Responsibilities
- Own the strategy and roadmap for Chime's Data Storage Platform, including Snowflake, data lake and online data stores for low-latency access.
- Design and evolve scalable, high-performance storage architecture that balance reliability, cost, and ease of use for both analytical and in-product workloads.
- Ensure performant and secure data access by defining and enforcing access patterns, partitioning and clustering strategies, indexing, and caching and serving layers for key datasets and metrics.
- Collaborate across Data Platform and partner teams to define clear data contracts, schemas, and SLAs between producers, storage, and consumers.
- Build tooling and automation for governance and compliance across sinks (e.g., RBAC, PII protection, tokenization, lineage, and auditability) in partnership with Security, Risk, and Compliance.
- Manage and grow a team of engineers, setting clear expectations, providing coaching and feedback, and raising the bar on engineering quality and operational excellence.
- Establish strong operational practices, including on-call, incident management, postmortems, and SLOs for the storage and serving layers your team owns.

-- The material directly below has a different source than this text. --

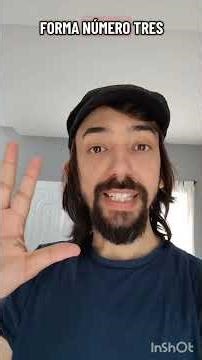 5 WAYS to PROMOTE your Indie Game Part 1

- Stay ahead of industry trends in data storage, lakehouse architectures, and AI/ML-ready data systems, and thoughtfully introduce technologies that improve our platform's capabilities.
Requirements
- 8+ years of experience in high-scale, high-reliability software development, with a focus on platforms, infrastructure, and data storage systems.
- 3+ years of experience managing engineering teams, including hiring, performance management, and developing engineers.

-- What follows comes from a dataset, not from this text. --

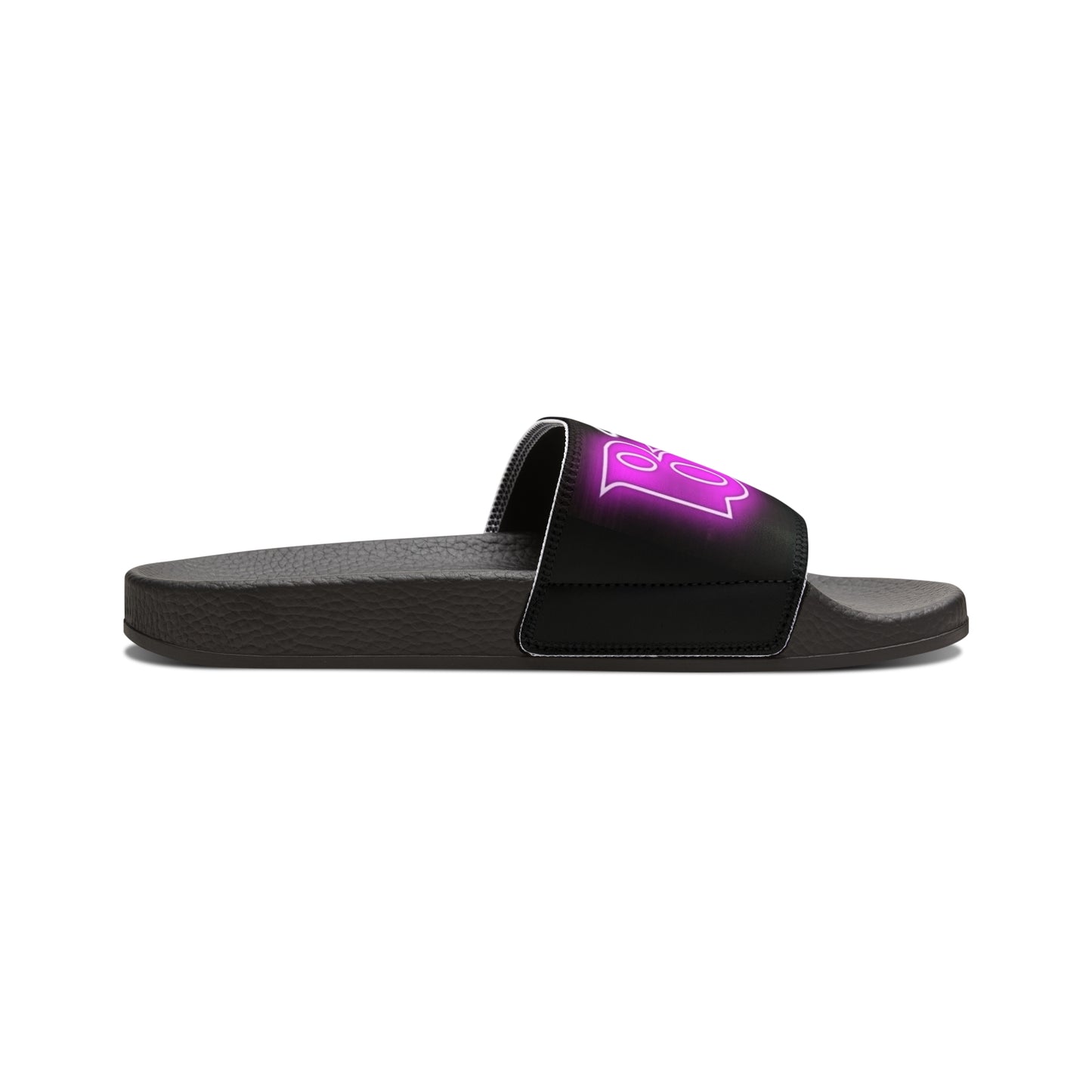 Women's Bratz slides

- Track record of scaling products, platforms, and operations to support rapid growth in data volume, complexity, and criticality.
- Deep experience with data infrastructure components, such as data lakes and lakehouses (e.g., Iceberg), data warehouses (e.g., Snowflake), online and offline data stores, and both batch and real-time streaming systems.

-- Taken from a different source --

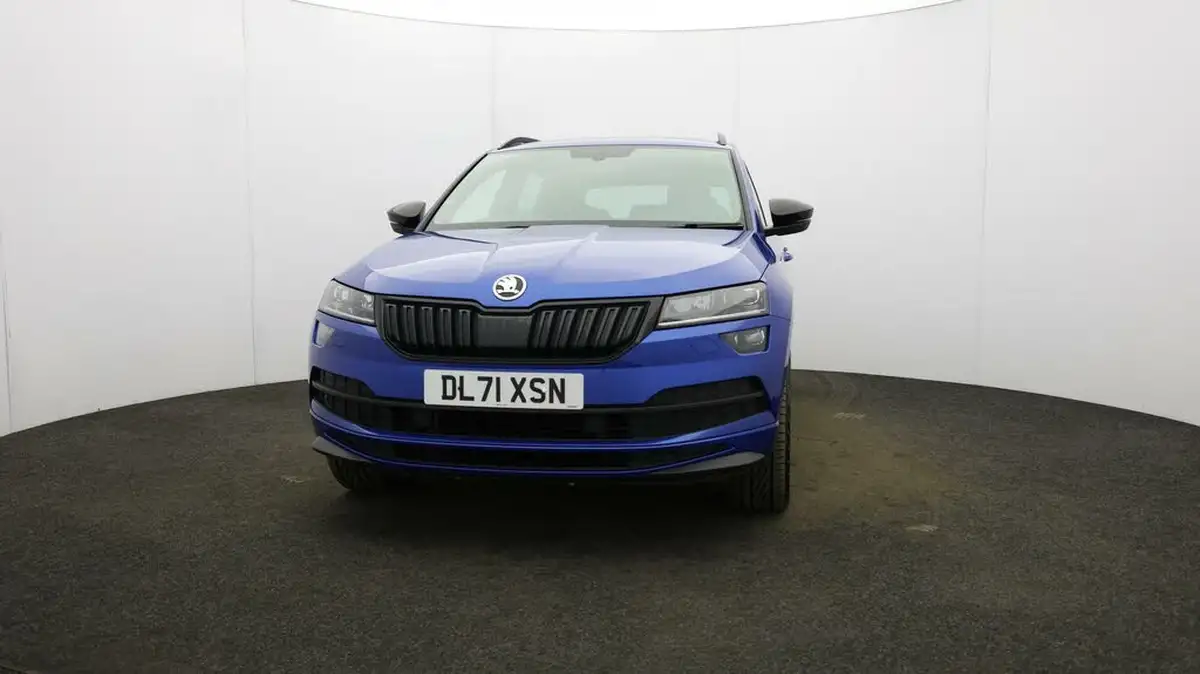 2021-skoda-karoq-20tdi-sportline-150ps-4x4-dsg-big-34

- Proven expertise in system and data architecture for scalable, secure, and cost-efficient data platforms, including schema design, data modeling, and partitioning strategies.
- Comfortable working with modern data and infrastructure technologies, such as Spark, Flink, Kafka, Airflow, Kubernetes, and similar tools.
- Proficient in Python or similar languages (e.g., Java, Scala) and familiar with SQL and performance tuning for analytical workloads.
- Extensive experience in cloud-based data ecosystems, such as AWS (S3, DynamoDB, Redshift, Snowflake, EMR), GCP (BigQuery, Dataflow), or Azure equivalents.
- Understand data governance, security, and compliance best practices (e.g., RBAC, PII handling, auditability) and have helped design systems that meet regulatory and internal standards.
- Deeply interested in the transformative potential of advanced AI systems and how to build AI-ready data foundations (metadata, lineage, semantic layers, feature and metric serving).
- Excel at building strong relationships with stakeholders across engineering, product, analytics, security, and finance, and can translate between technical and business contexts.
- Demonstrate strong people leadership, with a track record of building a culture of belonging and engineering excellence.
Compensation
Base salary: $199,000 - $275,000, plus bonus, equity, and benefits.